WHAT YOU NEED TO DO:
Below this line are records; write out exactly the lines from the one containing "Valet Pro Leather Soap 500ml (VP皮椅清潔劑)" through the one containing "Replica Dior Roller", with the pictures left out.

INFORMATION SHOWN:
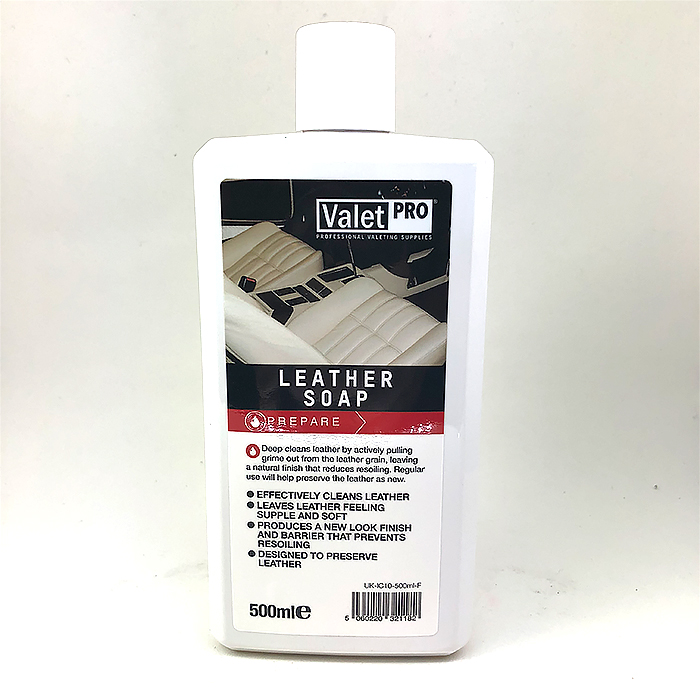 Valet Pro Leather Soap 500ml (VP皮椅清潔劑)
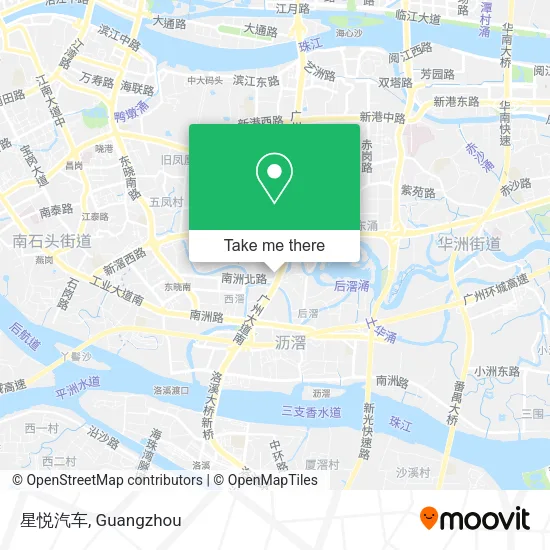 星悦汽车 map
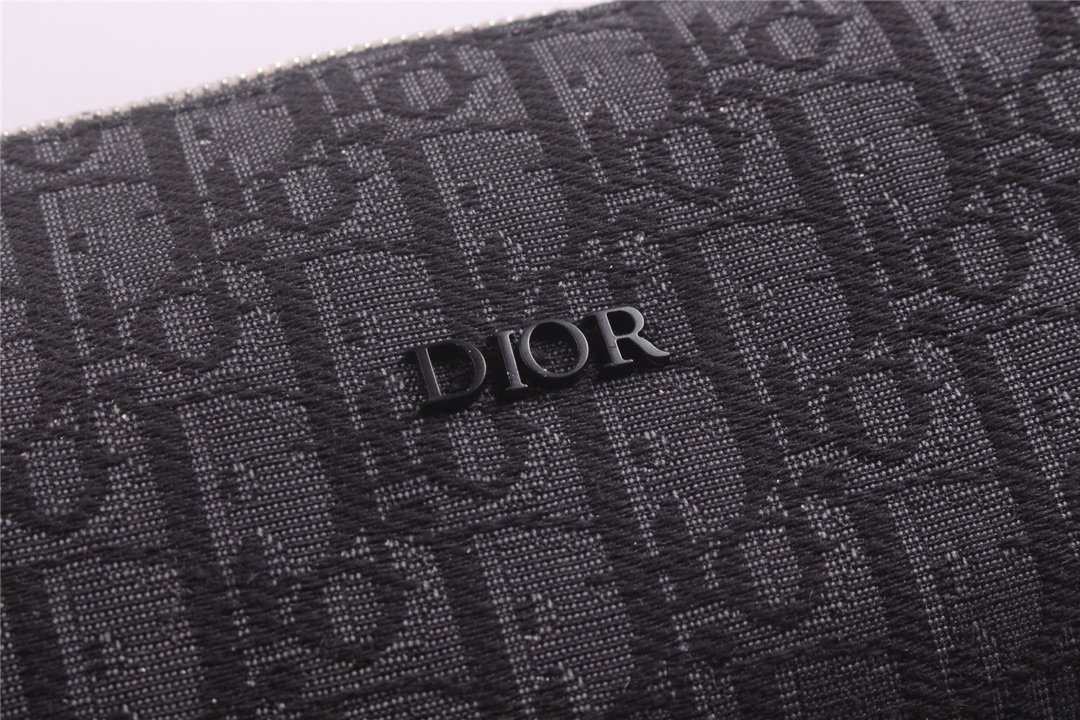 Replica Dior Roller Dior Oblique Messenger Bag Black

---

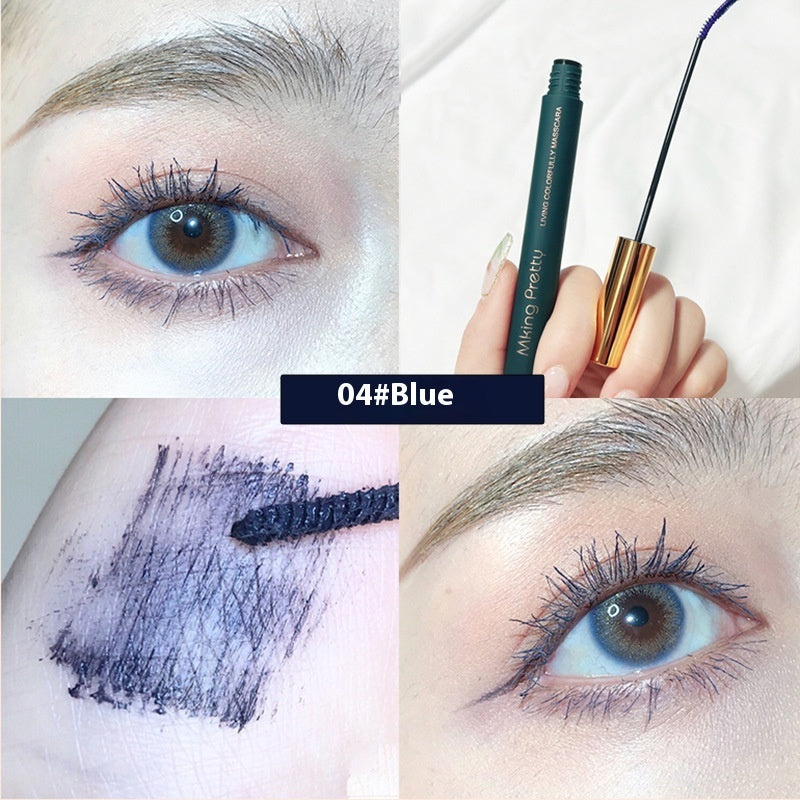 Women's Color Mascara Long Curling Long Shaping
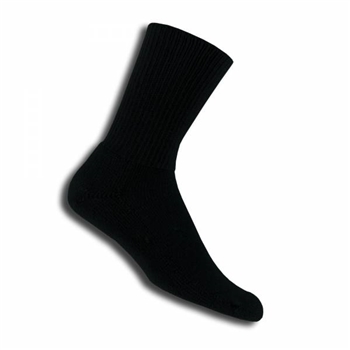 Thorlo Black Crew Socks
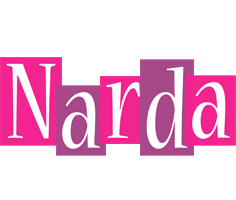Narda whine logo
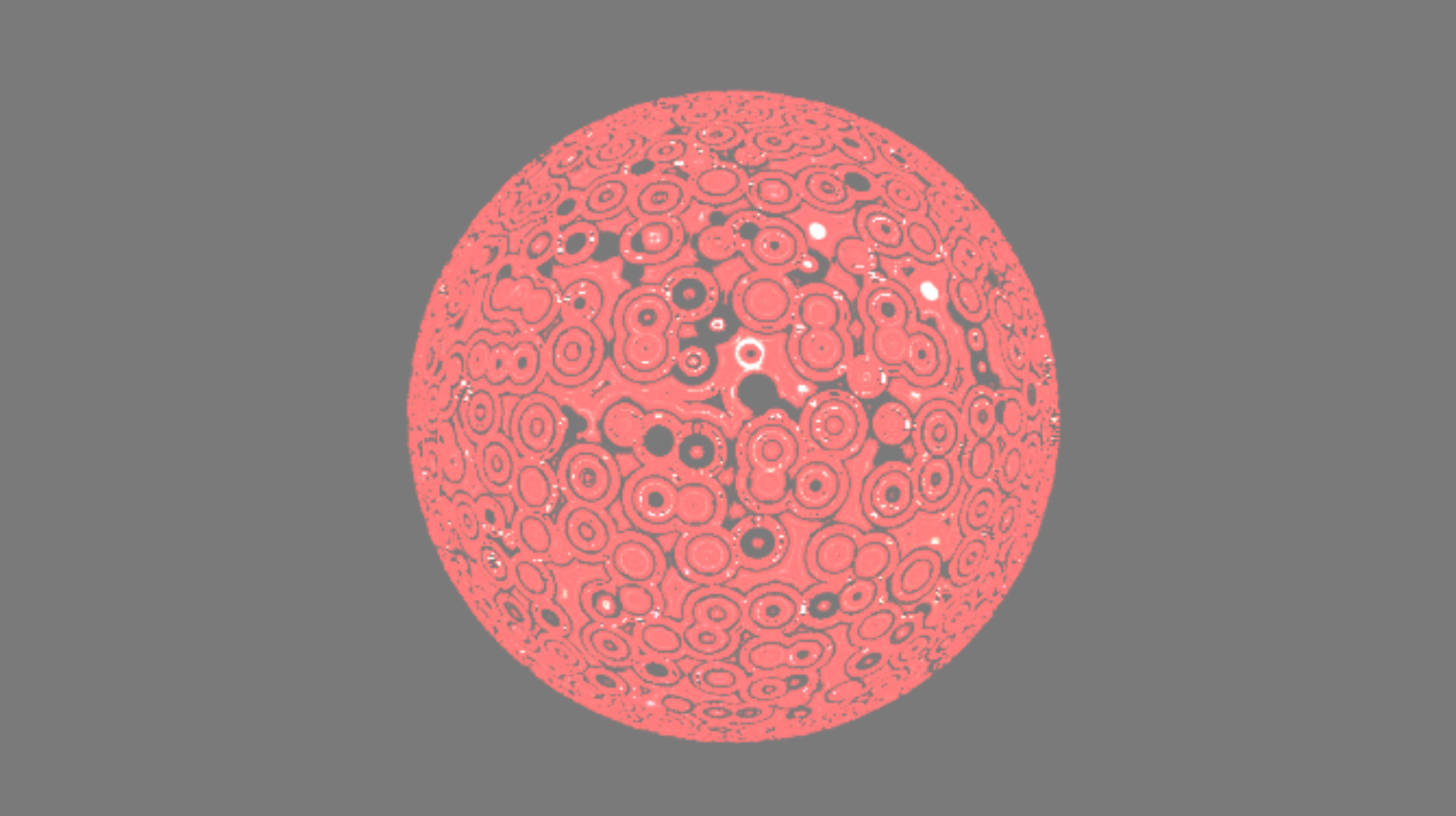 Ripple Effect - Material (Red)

ANSWER AREA:
 Valet Pro Leather Soap 500ml (VP皮椅清潔劑)
 星悦汽车 map
 Replica Dior Roller Dior Oblique Messenger Bag Black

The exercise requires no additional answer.